Local and global mappings of topology representing networks

As data analysis tasks often have to deal with complex data structures, the nonlinear dimensionality reduction methods play an important role in exploratory data analysis. In the literature a number of nonlinear dimensionality reduction techniques have been proposed (e.g. Sammon mapping, Locally Linear Embedding). These techniques attempt to preserve either the local or the global geometry of the original data, and they perform metric or non-metric dimensionality reduction. Nevertheless, it is difficult to apply most of them to large data sets. There is a need for new algorithms that are able to combine vector quantisation and mapping methods in order to visualise the data structure in a low-dimensional vector space.
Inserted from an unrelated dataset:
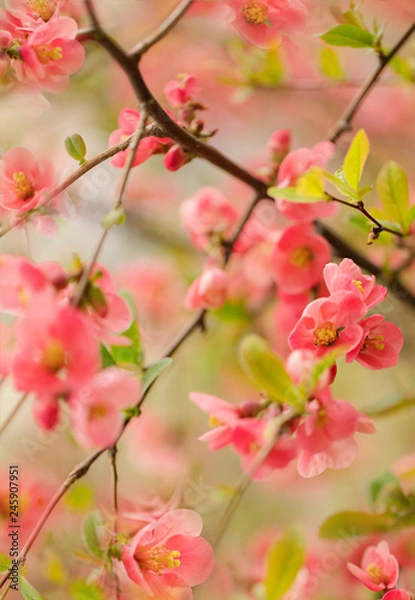 Obraz Spring time. Blooming pink branches. Macro, blur effect and selective focus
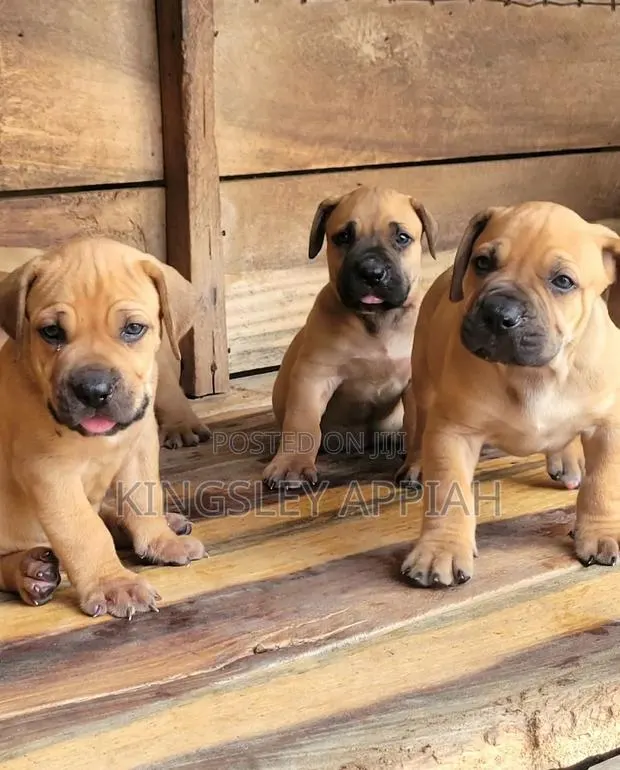 1-3 months Male Purebred Boerboel · Photo 1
In this paper we define a new class of algorithms to quantify and disclose the data structure, that are based on the topology representing networks and apply different mapping methods to the low-dimensional visualisation. Not only existing methods are combined for that purpose but also a novel group of mapping methods (Topology Representing Network Map) are introduced as a part of this class. Topology Representing Network Maps utilise the main benefits of the topology representing networks and of the multidimensional scaling methods to disclose the real structure of the data set under study. To determine the main properties of the topology representing network based mapping methods, a detailed analysis of classical benchmark examples (Wine and Optical Recognition of Handwritten Digits data set) is presented.